Co-authored-by: Sven Mika <sven@anyscale.io>
Co-authored-by: sven1977 <svenmika1977@gmail.com>
---
 rllib/BUILD                                   |   7 ++
 rllib/agents/trainer.py                       | 102 +++++++++++++-----
 .../tests/test_nn_framework_import_errors.py  |  38 +++++++
 3 files changed, 118 insertions(+), 29 deletions(-)
 create mode 100644 rllib/tests/test_nn_framework_import_errors.py

diff --git a/rllib/BUILD b/rllib/BUILD
index d2a655b02..d6ec7ffee 100644
--- a/rllib/BUILD
+++ b/rllib/BUILD
@@ -1487,6 +1487,13 @@ py_test(
     srcs = ["tests/test_nested_observation_spaces.py"]
 )
 
+py_test(
+    name = "tests/test_nn_framework_import_errors",
+    tags = ["team:ml", "tests_dir", "tests_dir_N"],
+    size = "small",
+    srcs = ["tests/test_nn_framework_import_errors.py"]
+)
+
 py_test(
     name = "tests/test_pettingzoo_env",
     tags = ["team:ml", "tests_dir", "tests_dir_P"],
diff --git a/rllib/agents/trainer.py b/rllib/agents/trainer.py
index 822e9788e..20c1e07cf 100644
--- a/rllib/agents/trainer.py
+++ b/rllib/agents/trainer.py
@@ -38,7 +38,7 @@ from ray.rllib.utils.debug import update_global_seed_if_necessary
 from ray.rllib.utils.deprecation import Deprecated, deprecation_warning, \
     DEPRECATED_VALUE
 from ray.rllib.utils.error import EnvError, ERR_MSG_INVALID_ENV_DESCRIPTOR
-from ray.rllib.utils.framework import try_import_tf
+from ray.rllib.utils.framework import try_import_tf, try_import_torch
 from ray.rllib.utils.from_config import from_config
 from ray.rllib.utils.multi_agent import check_multi_agent
 from ray.rllib.utils.spaces import space_utils
@@ -669,6 +669,9 @@ class Trainer(Trainable):
         self.config = self.merge_trainer_configs(
             self.get_default_config(), config, self._allow_unknown_configs)
 
+        # Validate the framework settings in config.
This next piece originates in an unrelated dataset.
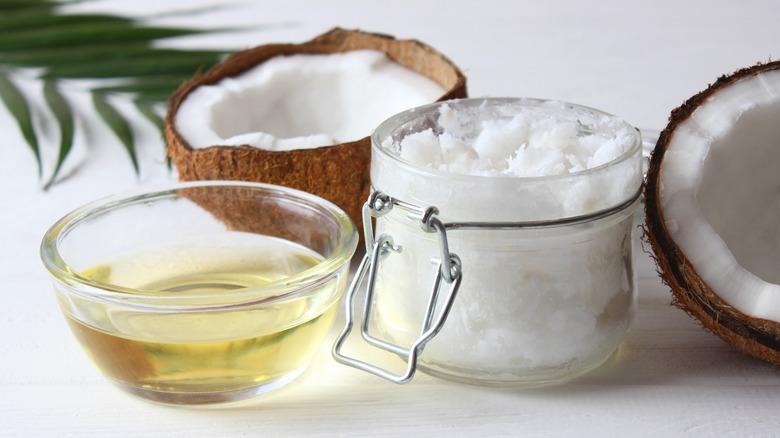 Solid and liquid coconut oil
+        self.validate_framework(self.config)
+
         # Setup the "env creator" callable.
         env = self._env_id
         if env:
@@ -698,34 +701,6 @@ class Trainer(Trainable):
         else:
             self.env_creator = lambda env_config: None
 
-        # Check and resolve DL framework settings.
-        # Tf-eager (tf2|tfe), possibly with tracing set to True. Recommend
-        # setting tracing to True for speedups.
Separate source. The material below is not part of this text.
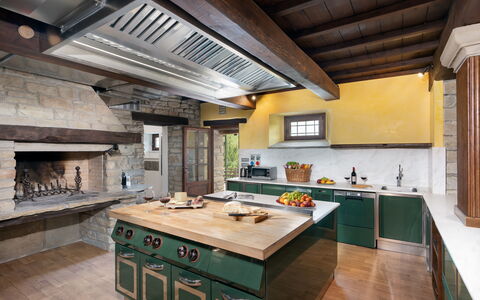 Villa Torre delle Rose: Cabinetry, Countertop, Eigentum, Möbel, Tabelle, Gebäude, Küche, Holz, Herd, Exhaust Hood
-        if tf1 and self.config["framework"] in ["tf2", "tfe"]:
-            if self.config["framework"] == "tf2" and tfv < 2:
-                raise ValueError(
-                    "You configured `framework`=tf2, but your installed pip "
-                    "tf-version is < 2.0! Make sure your TensorFlow version "
-                    "is >= 2.x.")
-            if not tf1.executing_eagerly():
-                tf1.enable_eager_execution()
-            logger.info(
-                f"Executing eagerly (framework='{self.config['framework']}'),"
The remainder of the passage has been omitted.